Exclusive: President Wu provides updates on student study spaces

Farah Javed, Managing Editor

Additional Reporting by Emanuela Gallo and Maya Demchak-Gottlieb

2023 marks Baruch’s largest spring freshman class to date, yet there remains limited space available on campus for students to eat, work or study in between classes. In a sit-down interview with The Ticker on Feb. 15, Baruch President S. David Wu explained that creating these spaces is currently one of his administration’s priorities.

Wu highlighted the campus bookstore as one location he’d like to convert into a multipurpose space. As previously reported by The Ticker, students hoped the currently shuttered bookstore could become available once more as a place for eating or browsing books.

Current plans include converting the bookstore into a study space with workstations equipped with desktops. There will also be a section for BOSS and offices for its employees.

“In other words, you don’t have to sort of just sit there and wait, you can hang out and study,” Wu said. “Also [there’s] some of the separate rooms that students can reserve to have small meetings and so [the planners] kind of think about different kinds of space configurations.”
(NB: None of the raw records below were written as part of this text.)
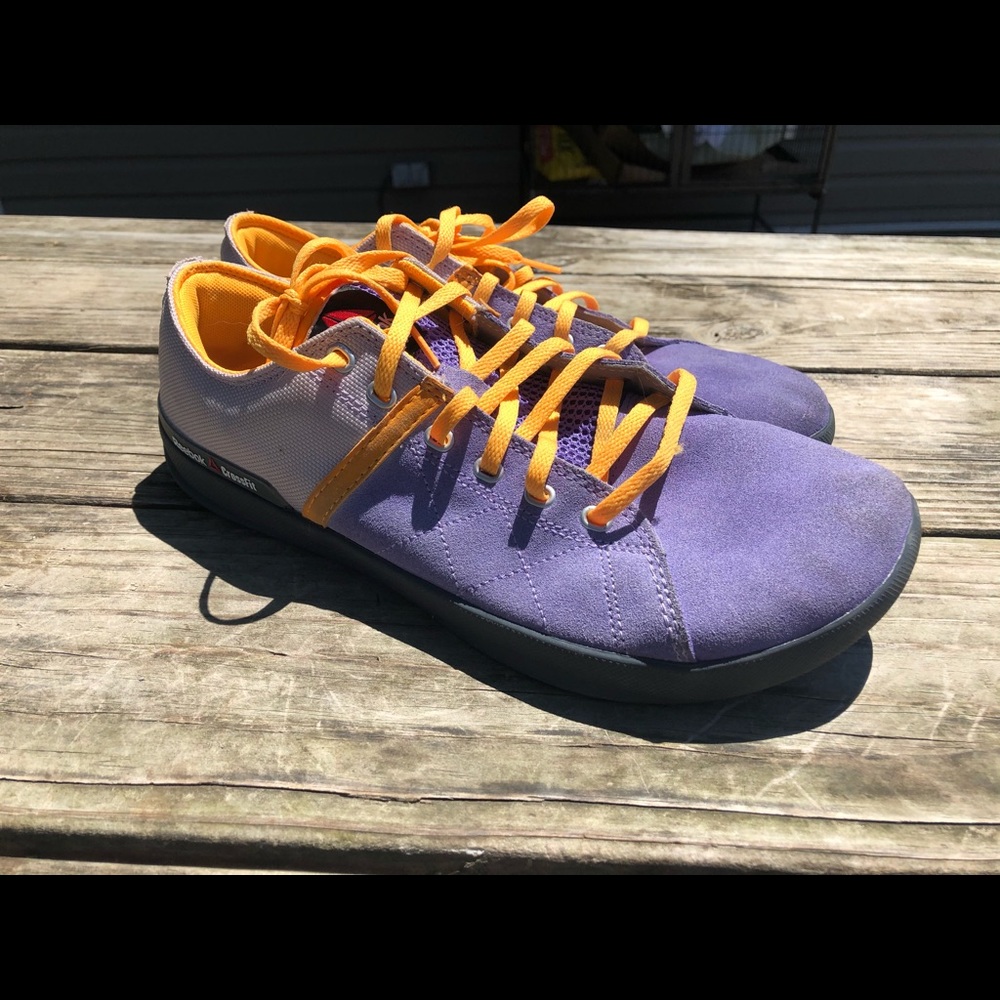 Reebok Power CrossFit Lite TR shoe size 10.5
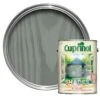 Cuprinol Garden Shades Wild Thyme Matt Multi-surface Exterior Wood Paint, 5L -Garden - Landscaping Store cuprinol garden shades wild thyme matt multi surface exterior wood paint 5l5010368066247 02c bq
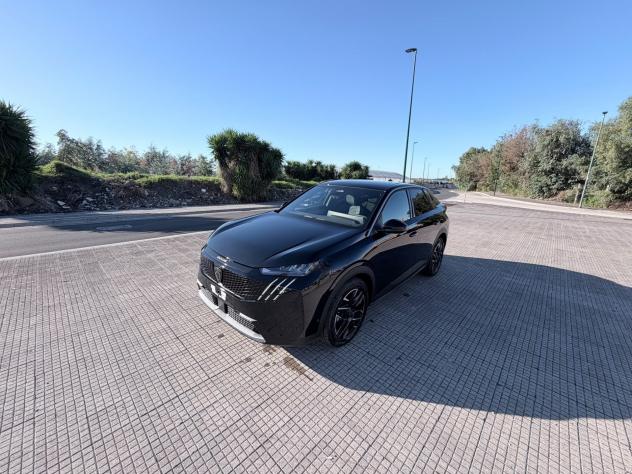 Peugeot 3008 Hybrid 145 e-DCS6 Allure Business - Foto 9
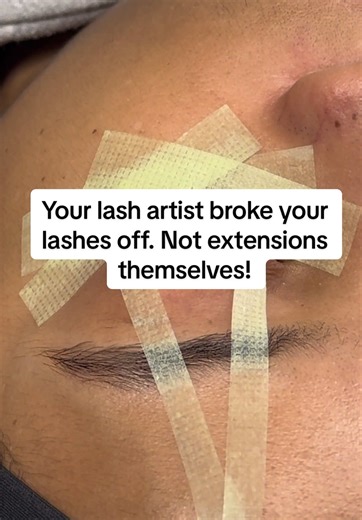 Removal New Classic Set😍🤏🏾 I am accepting new clients, I’m located in Decatur, Ga🤎 #atl #lashtechatl #lashesatl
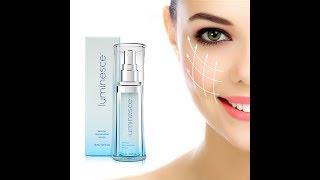 Luminesce ultimate lifting masque jeunesse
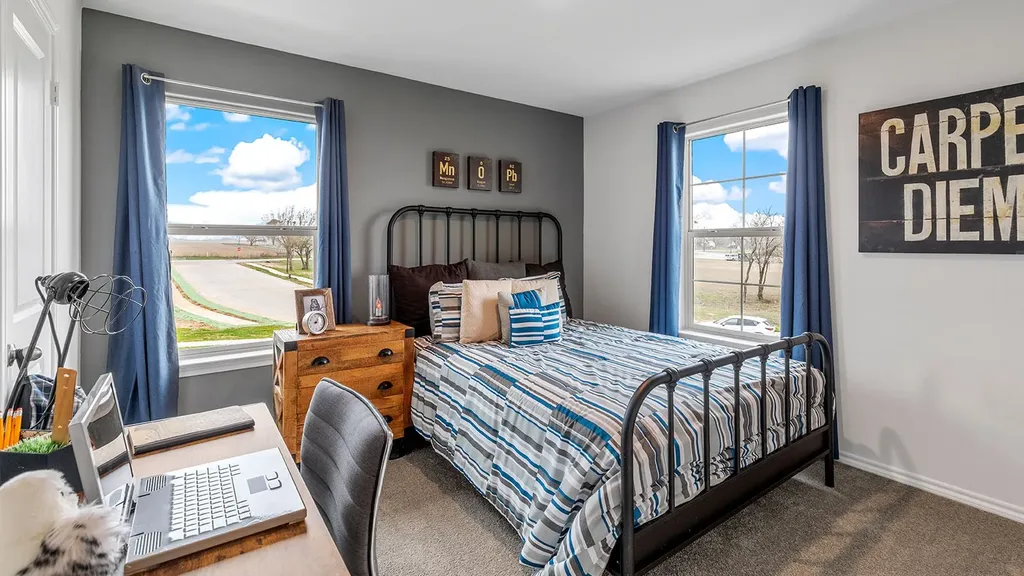 520 Red Admiral Lane Denton TX 76259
The bookstore redesign is currently in the resolution and budgeting stage, and likely to be completed by 2024. In the interim, Wu would like to have a pop-up student lounge so students can congregate or hold events.

“For example, have a space to run a small event or have a poetry reading or whatever it is,” Wu said. “All you have to do is to put out the chairs and right it’s not, it’s not that hard to do, so that’s what we’re trying to do. Hopefully we can do this right away in the spring so that space could sort of compensate for a little bit of space we lost from the multipurpose room.”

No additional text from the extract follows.